> **EXERCISE PROMPT**:
Write out exactly, and only, the lines below from the line with "その他共有部分　自転車は左側に" through the line with "BRUTALIST SPACE IN MARAIS - Image 11"; pictures do not belong in the copy.

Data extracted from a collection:
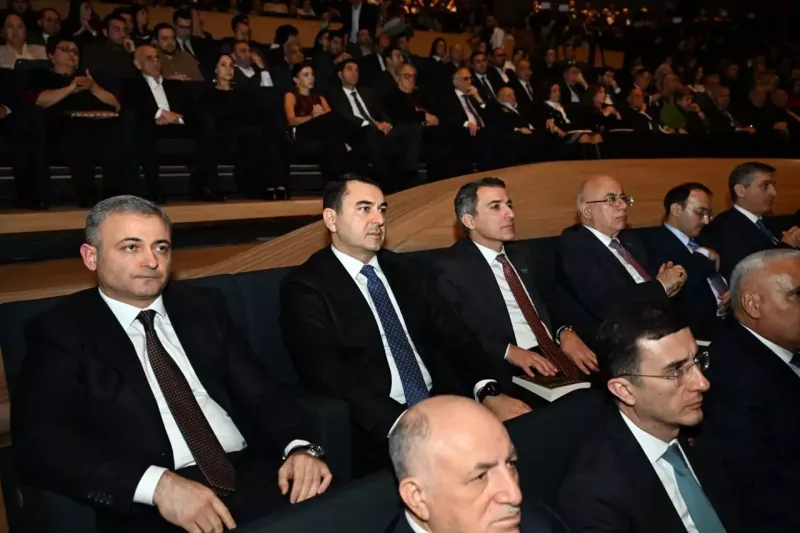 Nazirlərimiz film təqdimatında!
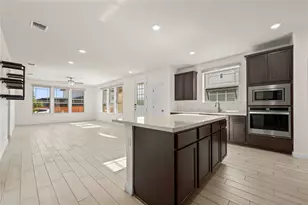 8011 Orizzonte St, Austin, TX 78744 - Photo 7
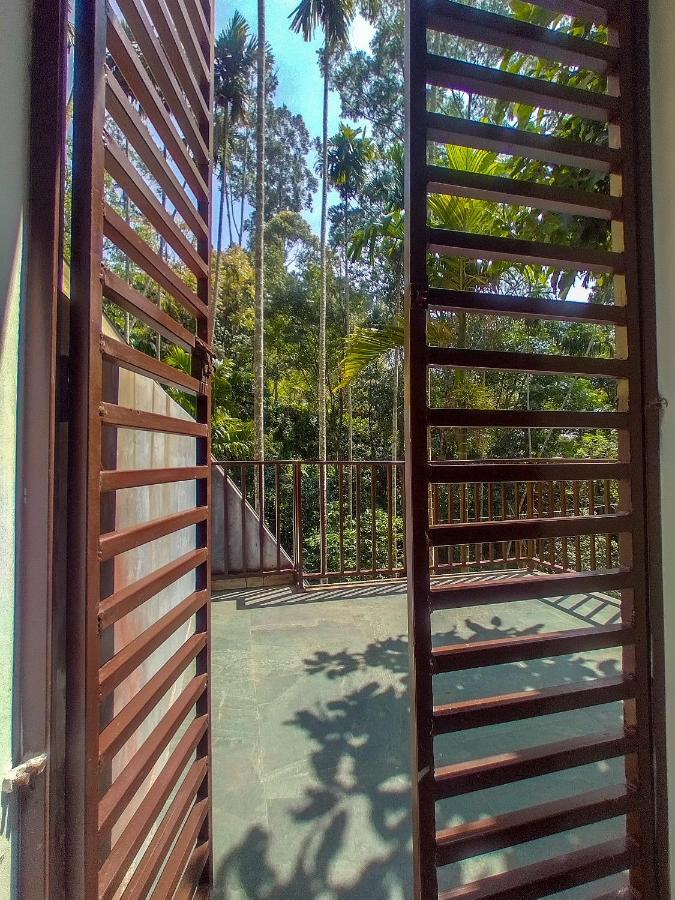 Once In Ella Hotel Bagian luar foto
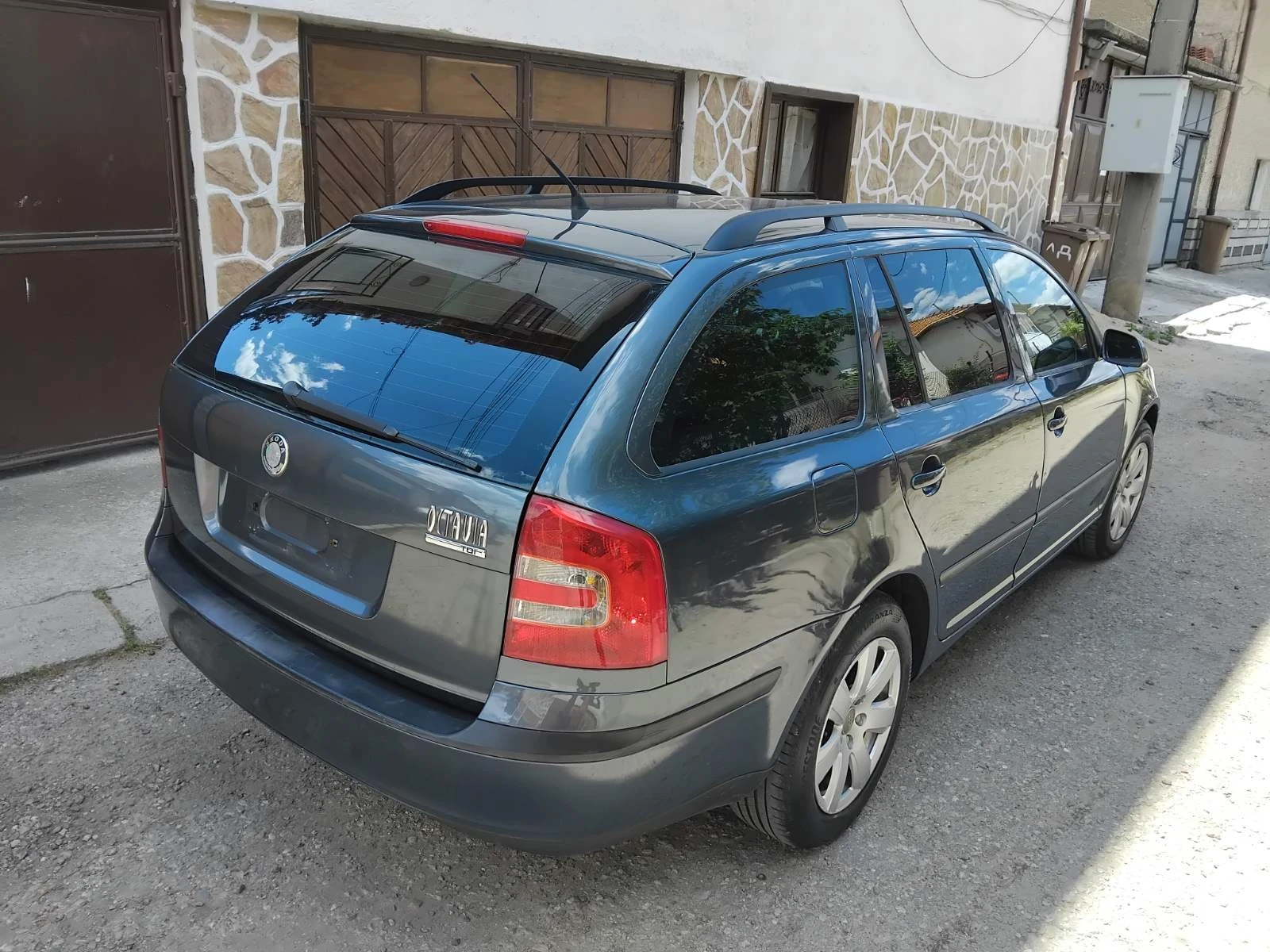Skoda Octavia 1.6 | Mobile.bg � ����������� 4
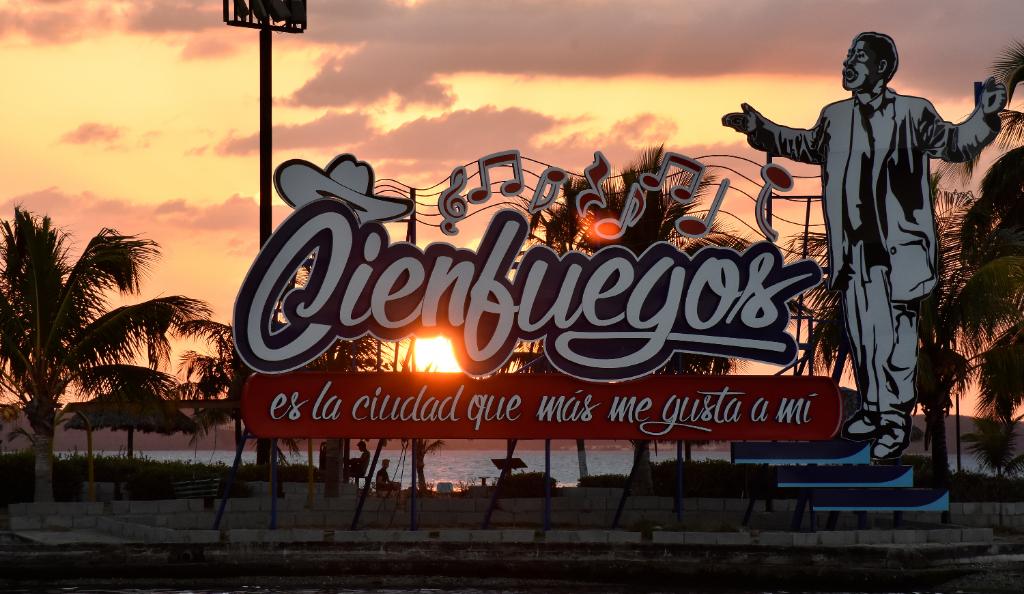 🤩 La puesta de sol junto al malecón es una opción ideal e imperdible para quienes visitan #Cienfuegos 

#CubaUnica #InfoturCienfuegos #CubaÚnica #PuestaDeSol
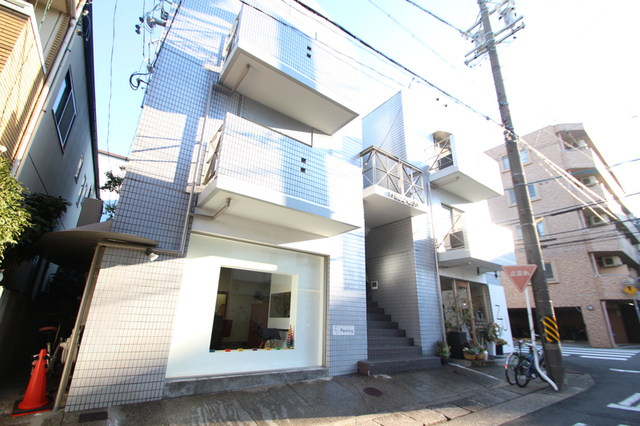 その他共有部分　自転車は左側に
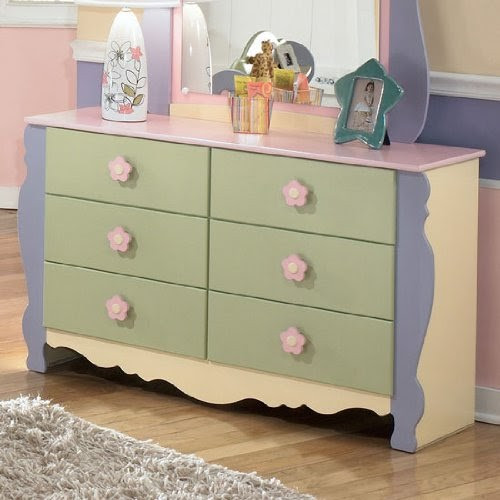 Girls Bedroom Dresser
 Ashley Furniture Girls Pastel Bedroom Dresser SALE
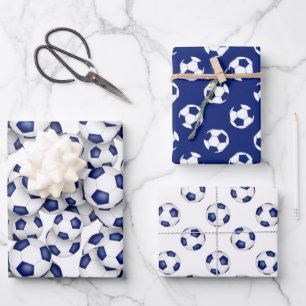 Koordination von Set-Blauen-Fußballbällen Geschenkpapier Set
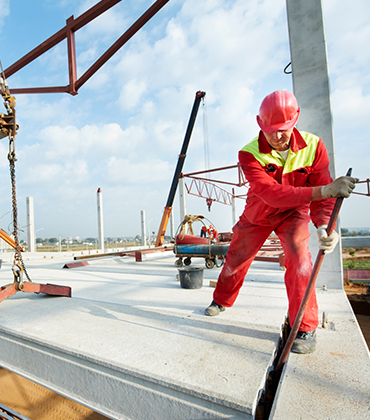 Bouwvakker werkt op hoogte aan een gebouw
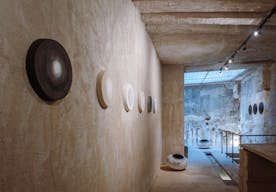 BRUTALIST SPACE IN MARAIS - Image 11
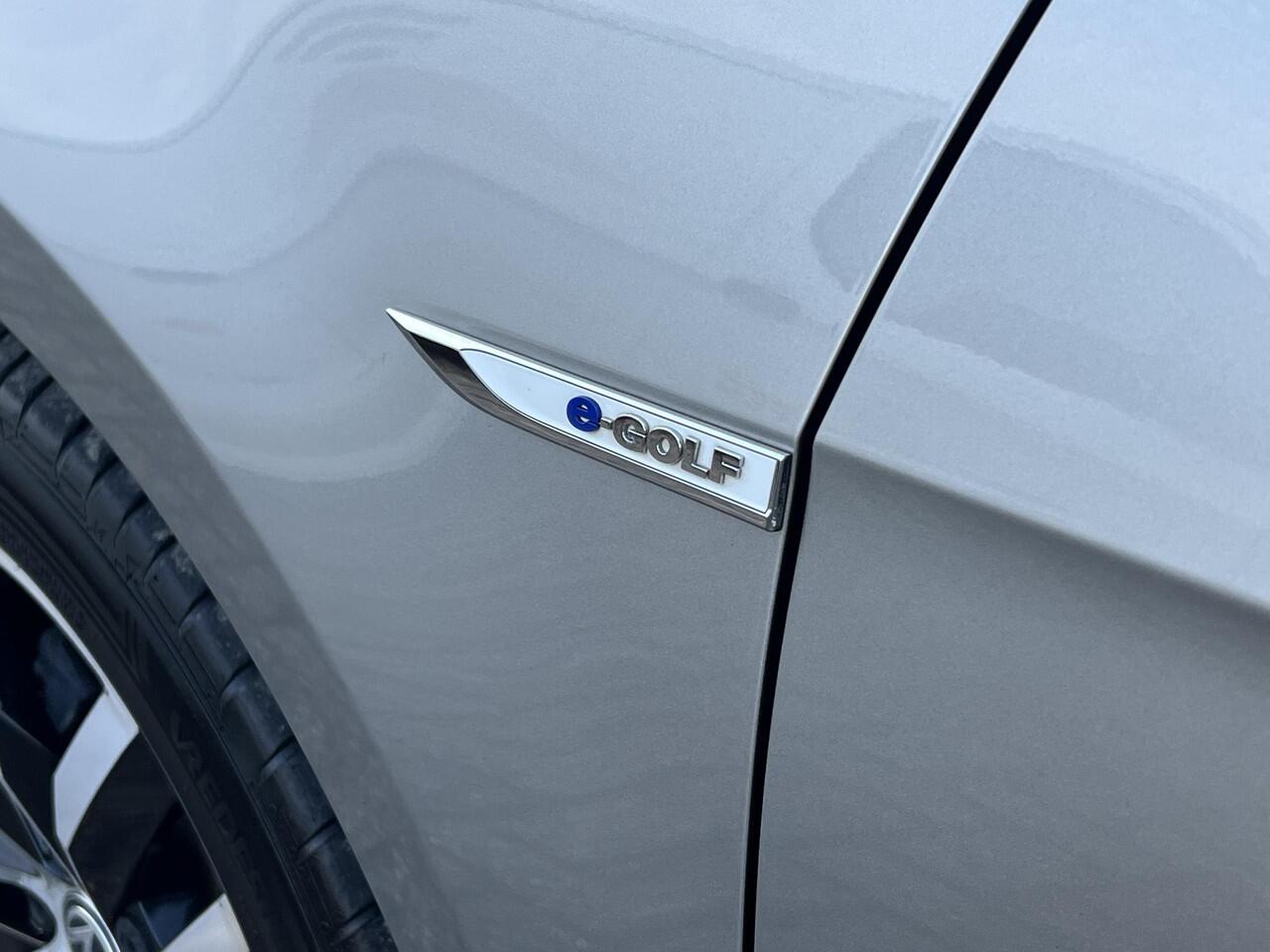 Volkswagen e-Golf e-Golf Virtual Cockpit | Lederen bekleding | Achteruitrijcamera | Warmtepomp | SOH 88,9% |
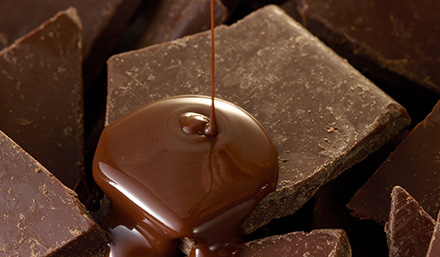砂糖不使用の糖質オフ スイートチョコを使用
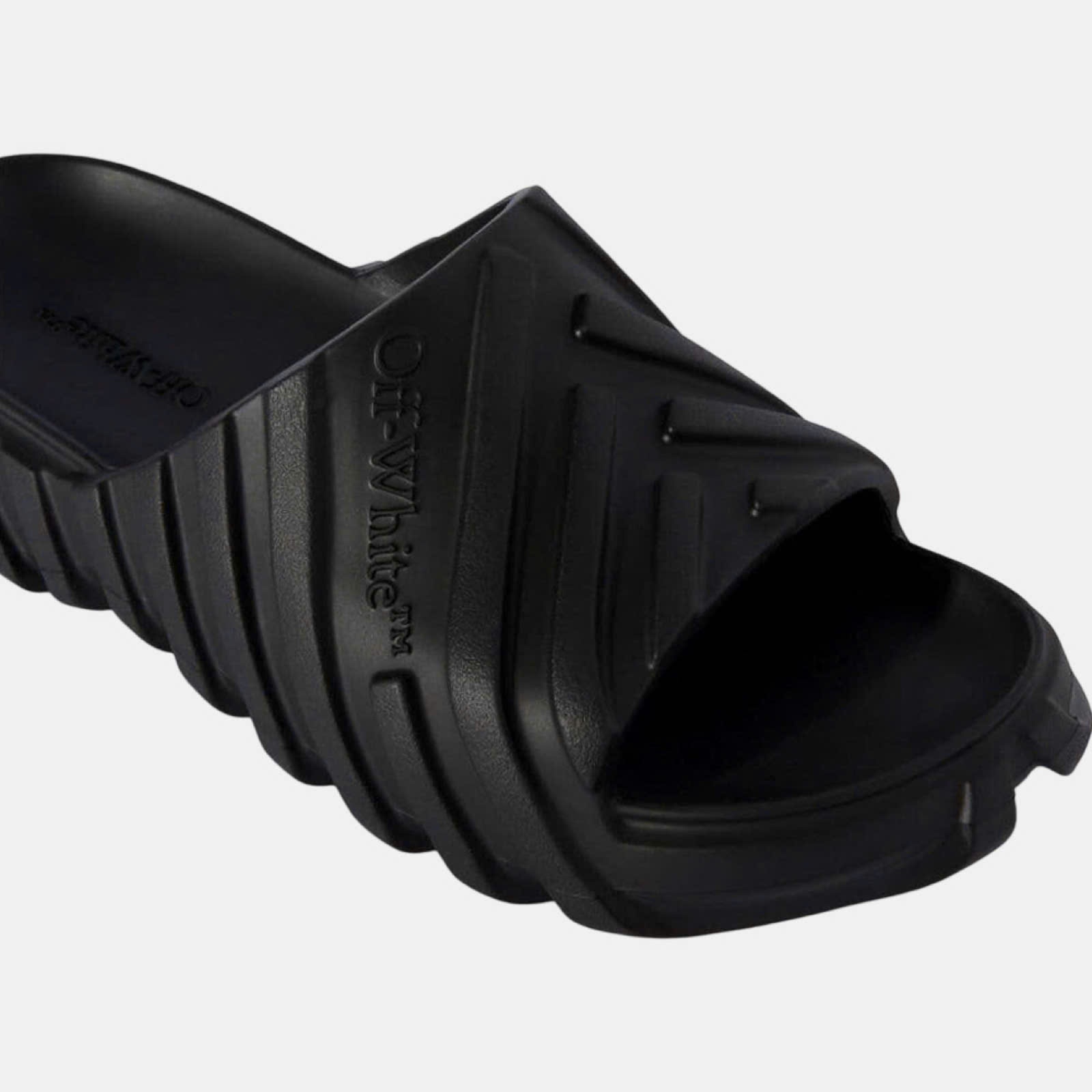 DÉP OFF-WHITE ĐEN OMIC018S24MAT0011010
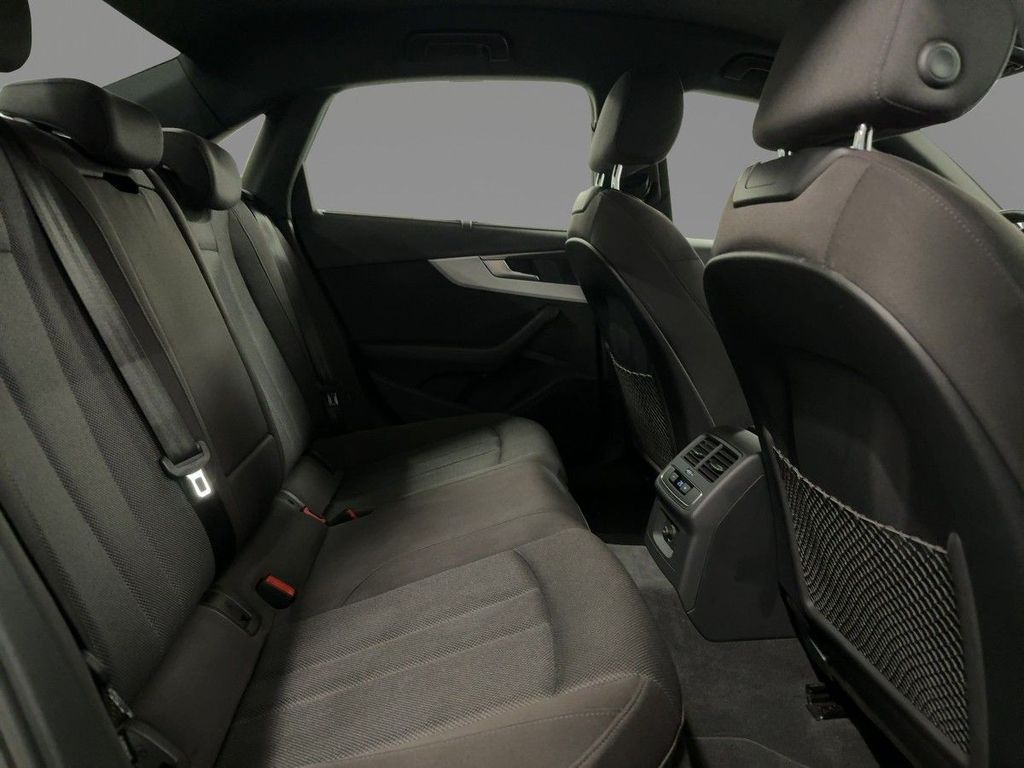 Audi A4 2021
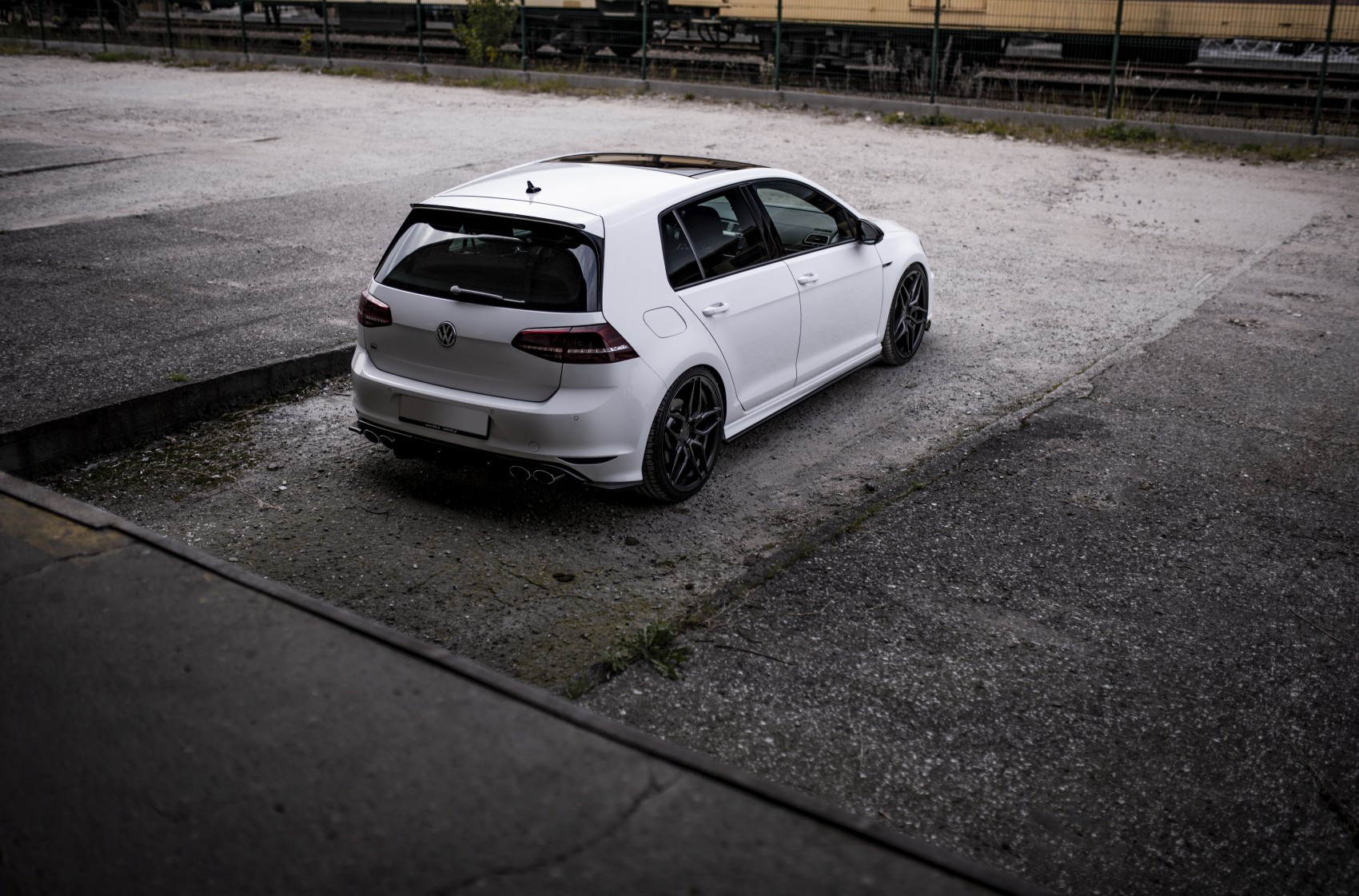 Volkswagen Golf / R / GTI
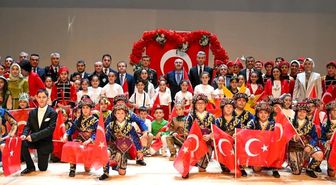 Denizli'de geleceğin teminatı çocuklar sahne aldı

> **RESPONSE AREA**:
 その他共有部分　自転車は左側に
 Girls Bedroom Dresser
 Ashley Furniture Girls Pastel Bedroom Dresser SALE
 Koordination von Set-Blauen-Fußballbällen Geschenkpapier Set
 Bouwvakker werkt op hoogte aan een gebouw
 BRUTALIST SPACE IN MARAIS - Image 11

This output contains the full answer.